Albion was enthralled. “This darky,” he said, “the one who might be able to tell me why my house isn't haunted—would you give me her name?"
"Her name,” said Mrs. D., “is Cyrene Foxx.” (She pronounced it Sy-reeny.) “I'll give you her cell phone number before you leave. She is one of the old sort, Mr. Merkel, and you might consider employing her in place of Placenta, a fine and intelligent woman who is, unfortunately, very modern."
Albion nodded. He felt fairly sure that one of the old sort would not call him Baby. His hostess concluded the tea party with some words of warning.
"Cyrene worked for me a few years back, and she was an excellent housekeeper and made the most marvelous spoonbread. Yet I had to let her go. She's a physical medium, you see, and the way things flew around was quite distracting. Also, without meaning to do so, she stirred up the ghosts and made it hard to get a good night's rest, what with Powderhorn baying at the moon whether there was a moon or not, and the captain hammering on the wall, and Mr. Dick calling for someone to muddle his toddy, and Darlin’ Sissy (usually the most thoughtful of women) playing “Aura Lee” over and over and over on a piano I sold years ago because it was full of sour notes.
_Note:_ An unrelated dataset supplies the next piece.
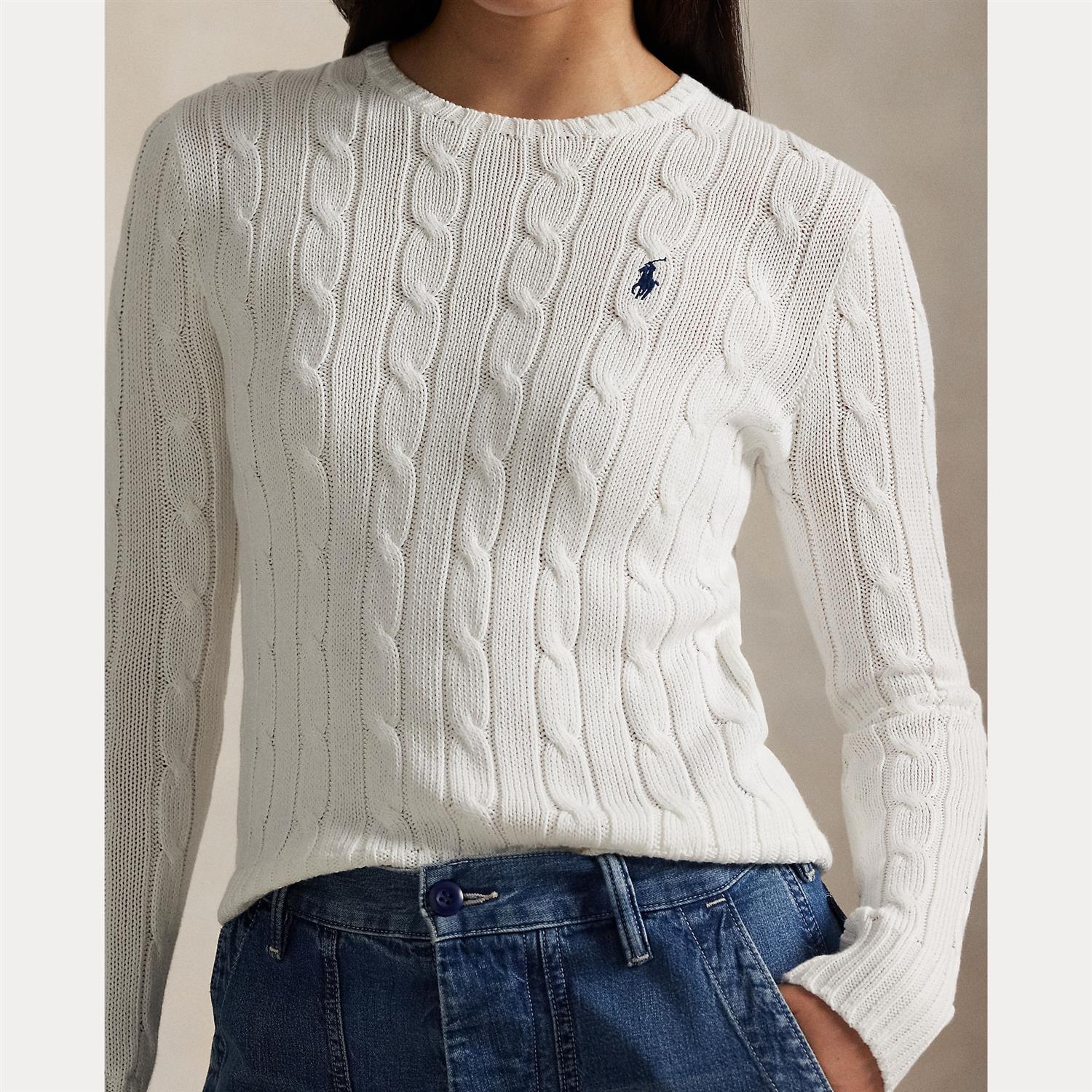 Cable-knit Cotton Crewneck Sweater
"I'm warning you about this, Mr. Merkel, so you won't complain if things get a little strange down in Smith's Haven. Cyrene is a true Christian and in Heaven will undoubtedly be a lot whiter than either one of us, but should you decide to employ her, you deserve to be told that having her around is not all gravy by any means."
* * * *
Interviewing Cyrene and ridding himself of Placenta took Albion less than a week. Placenta departed in anger after telling him, “What you want to work for you, Baby, is a nigger.” She lifted her upper lip and almost snarled the forbidden word.
Which wasn't true at all. What he wanted—what he'd always wanted, he now realized—was a darky, specifically one attuned to the spirit world.
Cyrene certainly qualified for the dark part. Her skin had the almost ebonized finish so rare nowadays among African Americans, most of whom tend toward beige or latte. She was a small, leathery woman who dressed in surprisingly up-to-date pantsuits and went about her work with vigor. When she was ready to leave, Albion asked if she had detected any spiritual presences in Smith's Haven.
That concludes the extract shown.